▶ **The task**
Look through the material below and show every line with the word "Plastic".

▶ **Data shown**
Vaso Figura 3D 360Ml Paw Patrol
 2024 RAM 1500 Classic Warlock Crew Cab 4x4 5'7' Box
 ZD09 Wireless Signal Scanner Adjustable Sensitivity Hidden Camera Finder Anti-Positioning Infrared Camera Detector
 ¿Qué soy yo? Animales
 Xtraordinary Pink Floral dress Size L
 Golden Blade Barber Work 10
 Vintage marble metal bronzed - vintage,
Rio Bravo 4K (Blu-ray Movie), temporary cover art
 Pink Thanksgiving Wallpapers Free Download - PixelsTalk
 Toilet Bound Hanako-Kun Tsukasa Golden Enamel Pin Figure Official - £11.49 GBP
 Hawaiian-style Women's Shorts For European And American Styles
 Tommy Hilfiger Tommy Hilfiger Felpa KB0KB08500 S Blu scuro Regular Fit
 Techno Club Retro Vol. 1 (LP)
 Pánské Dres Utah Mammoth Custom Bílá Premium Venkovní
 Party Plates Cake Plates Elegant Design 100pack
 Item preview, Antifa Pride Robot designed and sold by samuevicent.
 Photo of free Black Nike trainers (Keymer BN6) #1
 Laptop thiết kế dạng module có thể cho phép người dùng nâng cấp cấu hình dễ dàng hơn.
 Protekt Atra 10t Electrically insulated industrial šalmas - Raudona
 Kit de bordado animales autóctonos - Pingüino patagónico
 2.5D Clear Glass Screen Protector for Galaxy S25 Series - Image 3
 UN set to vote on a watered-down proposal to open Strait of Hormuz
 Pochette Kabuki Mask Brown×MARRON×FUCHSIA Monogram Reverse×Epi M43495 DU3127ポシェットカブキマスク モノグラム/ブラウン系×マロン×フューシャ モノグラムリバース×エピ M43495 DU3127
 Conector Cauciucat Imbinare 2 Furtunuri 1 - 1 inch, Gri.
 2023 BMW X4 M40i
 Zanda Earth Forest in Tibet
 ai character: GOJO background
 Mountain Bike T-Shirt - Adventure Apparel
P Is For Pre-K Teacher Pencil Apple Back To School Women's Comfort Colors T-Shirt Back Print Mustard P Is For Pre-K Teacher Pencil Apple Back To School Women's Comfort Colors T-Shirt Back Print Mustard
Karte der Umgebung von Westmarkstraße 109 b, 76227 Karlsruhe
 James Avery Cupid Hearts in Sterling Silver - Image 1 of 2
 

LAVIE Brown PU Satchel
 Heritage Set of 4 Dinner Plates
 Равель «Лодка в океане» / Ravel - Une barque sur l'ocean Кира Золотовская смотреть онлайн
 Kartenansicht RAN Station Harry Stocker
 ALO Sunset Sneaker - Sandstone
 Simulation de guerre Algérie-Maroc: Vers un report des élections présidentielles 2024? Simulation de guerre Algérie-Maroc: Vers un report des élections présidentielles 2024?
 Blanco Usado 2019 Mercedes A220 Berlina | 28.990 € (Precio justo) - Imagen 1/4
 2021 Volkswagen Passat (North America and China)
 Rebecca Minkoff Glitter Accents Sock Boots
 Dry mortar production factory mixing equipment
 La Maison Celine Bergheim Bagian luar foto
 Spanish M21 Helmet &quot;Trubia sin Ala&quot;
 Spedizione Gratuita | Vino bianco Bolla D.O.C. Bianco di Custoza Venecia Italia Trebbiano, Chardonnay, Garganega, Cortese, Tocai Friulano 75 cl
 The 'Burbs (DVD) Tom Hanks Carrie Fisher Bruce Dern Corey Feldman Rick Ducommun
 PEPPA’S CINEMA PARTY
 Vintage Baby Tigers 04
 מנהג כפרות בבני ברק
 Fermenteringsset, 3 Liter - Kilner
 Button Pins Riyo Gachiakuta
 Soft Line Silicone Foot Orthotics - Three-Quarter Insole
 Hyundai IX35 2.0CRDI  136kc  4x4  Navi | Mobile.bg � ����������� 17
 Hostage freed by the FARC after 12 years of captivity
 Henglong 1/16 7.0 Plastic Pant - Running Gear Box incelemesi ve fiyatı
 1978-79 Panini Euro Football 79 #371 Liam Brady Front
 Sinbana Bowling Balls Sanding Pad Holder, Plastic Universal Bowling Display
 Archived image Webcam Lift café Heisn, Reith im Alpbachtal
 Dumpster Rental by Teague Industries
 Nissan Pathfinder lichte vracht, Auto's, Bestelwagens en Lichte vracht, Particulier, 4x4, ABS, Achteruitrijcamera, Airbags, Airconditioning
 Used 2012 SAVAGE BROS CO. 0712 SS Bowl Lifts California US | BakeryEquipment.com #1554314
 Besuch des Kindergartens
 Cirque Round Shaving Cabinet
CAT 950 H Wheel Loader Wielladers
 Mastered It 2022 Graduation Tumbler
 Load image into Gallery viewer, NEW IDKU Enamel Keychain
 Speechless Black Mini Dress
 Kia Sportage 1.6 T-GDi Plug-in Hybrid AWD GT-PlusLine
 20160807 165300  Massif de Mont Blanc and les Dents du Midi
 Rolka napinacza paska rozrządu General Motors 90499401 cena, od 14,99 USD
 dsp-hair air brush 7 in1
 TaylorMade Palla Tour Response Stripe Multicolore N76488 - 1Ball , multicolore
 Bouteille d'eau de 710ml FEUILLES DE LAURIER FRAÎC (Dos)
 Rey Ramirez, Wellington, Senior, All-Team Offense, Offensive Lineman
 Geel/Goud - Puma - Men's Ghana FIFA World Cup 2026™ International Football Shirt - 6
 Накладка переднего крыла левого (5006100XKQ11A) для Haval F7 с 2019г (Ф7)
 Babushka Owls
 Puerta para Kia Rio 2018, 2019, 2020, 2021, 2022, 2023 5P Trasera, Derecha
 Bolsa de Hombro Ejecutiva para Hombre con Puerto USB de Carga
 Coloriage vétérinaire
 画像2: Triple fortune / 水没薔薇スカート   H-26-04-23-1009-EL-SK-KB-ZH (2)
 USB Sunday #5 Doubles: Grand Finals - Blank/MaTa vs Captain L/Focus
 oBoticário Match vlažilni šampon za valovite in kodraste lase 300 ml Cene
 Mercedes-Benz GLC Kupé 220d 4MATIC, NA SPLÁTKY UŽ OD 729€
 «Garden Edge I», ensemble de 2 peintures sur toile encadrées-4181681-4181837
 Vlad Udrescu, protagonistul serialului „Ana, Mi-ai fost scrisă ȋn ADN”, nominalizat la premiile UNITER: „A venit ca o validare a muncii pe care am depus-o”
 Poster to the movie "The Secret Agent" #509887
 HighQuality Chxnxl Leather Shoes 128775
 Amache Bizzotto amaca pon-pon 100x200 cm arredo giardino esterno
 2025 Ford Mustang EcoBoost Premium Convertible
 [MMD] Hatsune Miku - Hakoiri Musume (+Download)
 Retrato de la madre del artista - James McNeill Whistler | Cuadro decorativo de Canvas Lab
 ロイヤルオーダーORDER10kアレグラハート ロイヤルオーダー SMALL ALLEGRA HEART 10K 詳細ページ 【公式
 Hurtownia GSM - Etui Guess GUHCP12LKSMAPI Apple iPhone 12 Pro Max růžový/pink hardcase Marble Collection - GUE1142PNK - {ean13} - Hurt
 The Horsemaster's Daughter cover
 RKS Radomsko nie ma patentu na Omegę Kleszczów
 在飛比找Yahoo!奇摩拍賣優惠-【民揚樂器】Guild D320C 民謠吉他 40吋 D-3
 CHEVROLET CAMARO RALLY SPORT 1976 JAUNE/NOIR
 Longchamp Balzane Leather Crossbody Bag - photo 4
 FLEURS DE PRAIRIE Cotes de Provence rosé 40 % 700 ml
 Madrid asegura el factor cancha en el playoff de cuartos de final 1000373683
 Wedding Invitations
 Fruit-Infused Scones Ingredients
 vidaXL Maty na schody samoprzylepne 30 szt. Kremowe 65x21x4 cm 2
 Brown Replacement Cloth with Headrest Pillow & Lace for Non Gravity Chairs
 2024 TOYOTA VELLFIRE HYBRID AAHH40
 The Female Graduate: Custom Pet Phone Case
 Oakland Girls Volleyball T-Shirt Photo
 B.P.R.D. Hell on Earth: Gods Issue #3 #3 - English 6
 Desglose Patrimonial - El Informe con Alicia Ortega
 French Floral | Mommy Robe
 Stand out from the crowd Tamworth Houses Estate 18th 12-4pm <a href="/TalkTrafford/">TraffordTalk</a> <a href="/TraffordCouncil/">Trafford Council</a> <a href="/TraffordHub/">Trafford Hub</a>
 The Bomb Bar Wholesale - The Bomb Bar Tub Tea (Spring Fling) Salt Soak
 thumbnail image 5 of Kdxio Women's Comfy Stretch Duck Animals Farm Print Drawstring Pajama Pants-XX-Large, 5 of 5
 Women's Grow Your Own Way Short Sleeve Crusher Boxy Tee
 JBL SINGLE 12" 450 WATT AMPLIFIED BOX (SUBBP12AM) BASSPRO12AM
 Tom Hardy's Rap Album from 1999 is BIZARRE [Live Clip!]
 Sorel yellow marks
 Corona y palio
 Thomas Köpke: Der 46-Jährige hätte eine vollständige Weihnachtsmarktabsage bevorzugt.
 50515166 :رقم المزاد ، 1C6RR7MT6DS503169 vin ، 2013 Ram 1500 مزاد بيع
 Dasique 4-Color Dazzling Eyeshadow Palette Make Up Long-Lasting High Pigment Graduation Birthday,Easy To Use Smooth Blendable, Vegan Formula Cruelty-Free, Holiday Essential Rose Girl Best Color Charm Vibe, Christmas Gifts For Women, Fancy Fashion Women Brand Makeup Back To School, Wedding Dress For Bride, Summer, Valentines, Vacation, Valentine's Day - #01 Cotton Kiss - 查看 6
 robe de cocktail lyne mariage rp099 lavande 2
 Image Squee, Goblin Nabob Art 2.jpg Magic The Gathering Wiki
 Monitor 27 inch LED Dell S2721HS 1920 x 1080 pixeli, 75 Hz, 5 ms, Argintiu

▶ **Task answer**
 Henglong 1/16 7.0 Plastic Pant - Running Gear Box incelemesi ve fiyatı
 Sinbana Bowling Balls Sanding Pad Holder, Plastic Universal Bowling Display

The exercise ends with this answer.